___ Information shown ___

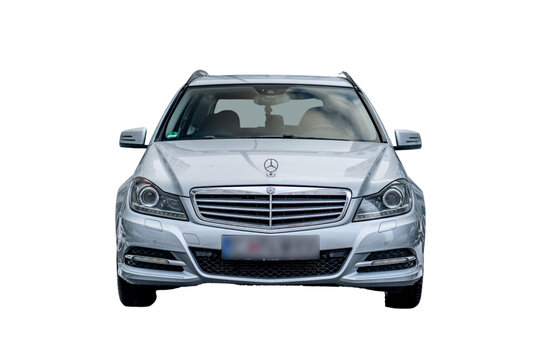 Mercedes Benz C200 Avantgarde - Estate german car, isolated, no background, grey metallic color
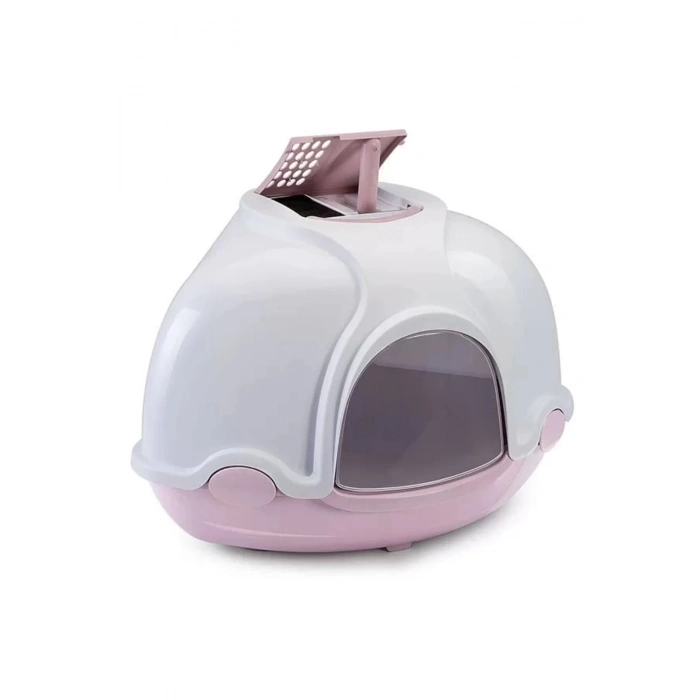 İmac Ginger Kapalı Kedi Tuvaleti Beyaz/Pembe 52X52X44.5 Cm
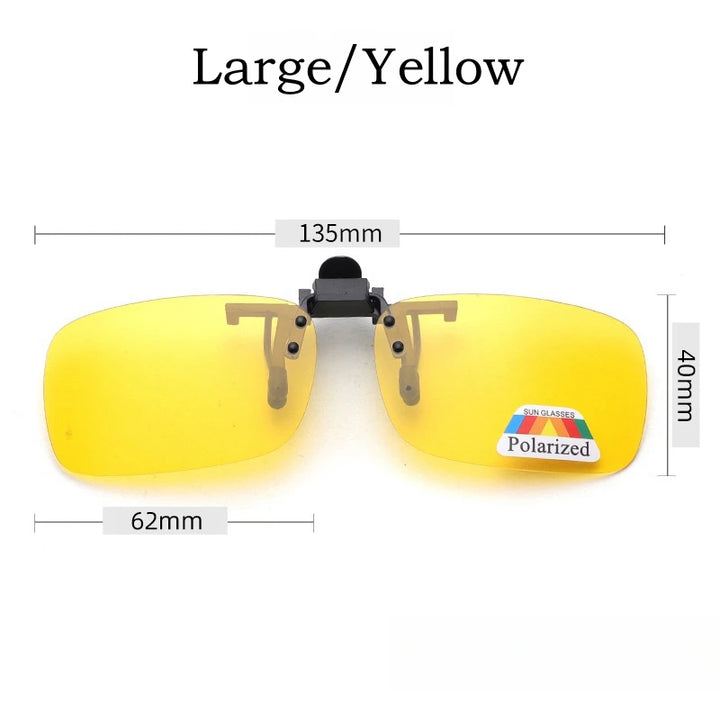 Yimaruili Unisex Square Polarized Alloy Plastic Clip On Sunglasses  FuzWeb  Large Yellow  
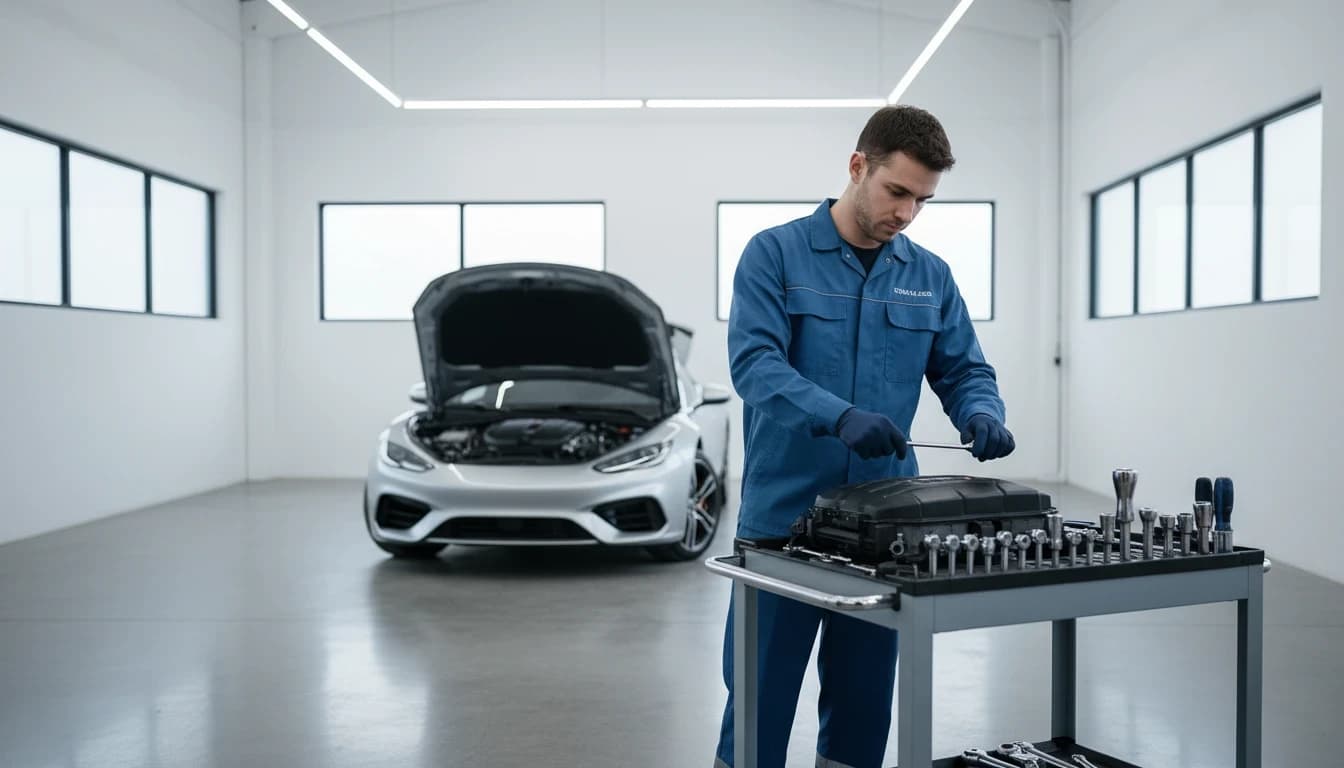 Automotive technician working in the shop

___

* Directions *
Only the listing above, set down exactly and without pictures, belongs in the answer.

* Your response *
 Mercedes Benz C200 Avantgarde - Estate german car, isolated, no background, grey metallic color
 İmac Ginger Kapalı Kedi Tuvaleti Beyaz/Pembe 52X52X44.5 Cm
 Yimaruili Unisex Square Polarized Alloy Plastic Clip On Sunglasses  FuzWeb  Large Yellow  
 Automotive technician working in the shop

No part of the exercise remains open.